From the entries below, reproduce exactly the line containing "Prefeitura de Lagoa", the line containing "Near Chenal's Bear", and every line in between, with nothing added.
*** EXERCISE DATA ***
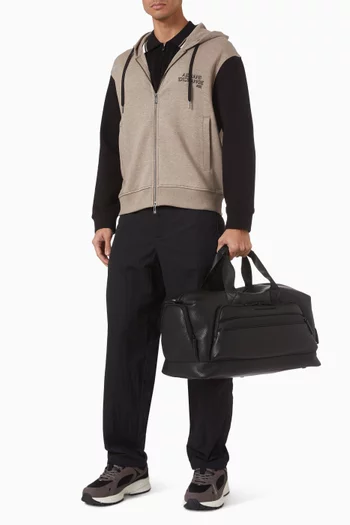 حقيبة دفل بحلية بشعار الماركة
***
*** EXERCISE DATA ***
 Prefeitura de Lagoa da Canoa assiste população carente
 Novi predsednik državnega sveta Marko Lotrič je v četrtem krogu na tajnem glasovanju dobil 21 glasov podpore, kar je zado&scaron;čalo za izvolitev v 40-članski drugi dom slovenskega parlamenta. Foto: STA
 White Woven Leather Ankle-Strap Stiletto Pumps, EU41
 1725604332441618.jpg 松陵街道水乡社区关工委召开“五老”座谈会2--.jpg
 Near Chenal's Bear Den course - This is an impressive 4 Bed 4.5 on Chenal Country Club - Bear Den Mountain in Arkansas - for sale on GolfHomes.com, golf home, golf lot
***
*** EXERCISE DATA ***
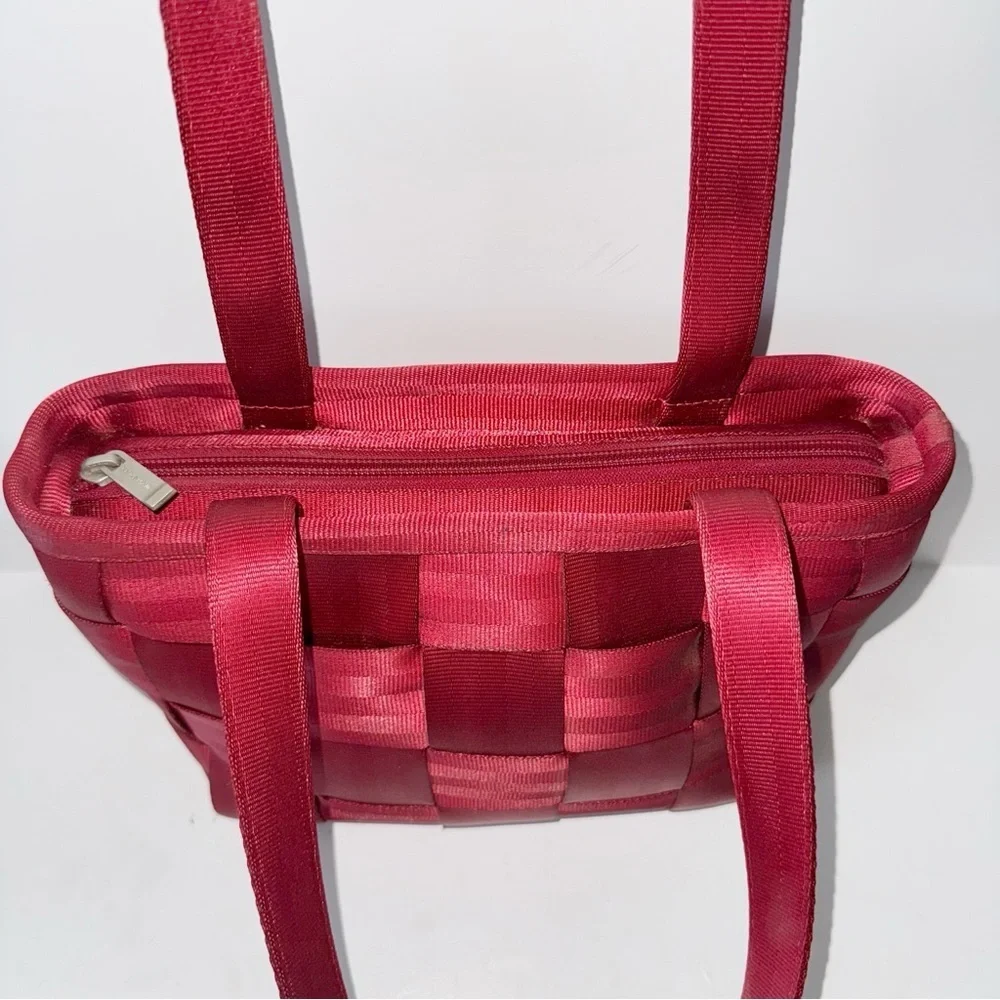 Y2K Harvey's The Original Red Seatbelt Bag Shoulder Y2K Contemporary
***
__SOLUTION__
 Prefeitura de Lagoa da Canoa assiste população carente
 Novi predsednik državnega sveta Marko Lotrič je v četrtem krogu na tajnem glasovanju dobil 21 glasov podpore, kar je zado&scaron;čalo za izvolitev v 40-članski drugi dom slovenskega parlamenta. Foto: STA
 White Woven Leather Ankle-Strap Stiletto Pumps, EU41
 1725604332441618.jpg 松陵街道水乡社区关工委召开“五老”座谈会2--.jpg
 Near Chenal's Bear Den course - This is an impressive 4 Bed 4.5 on Chenal Country Club - Bear Den Mountain in Arkansas - for sale on GolfHomes.com, golf home, golf lot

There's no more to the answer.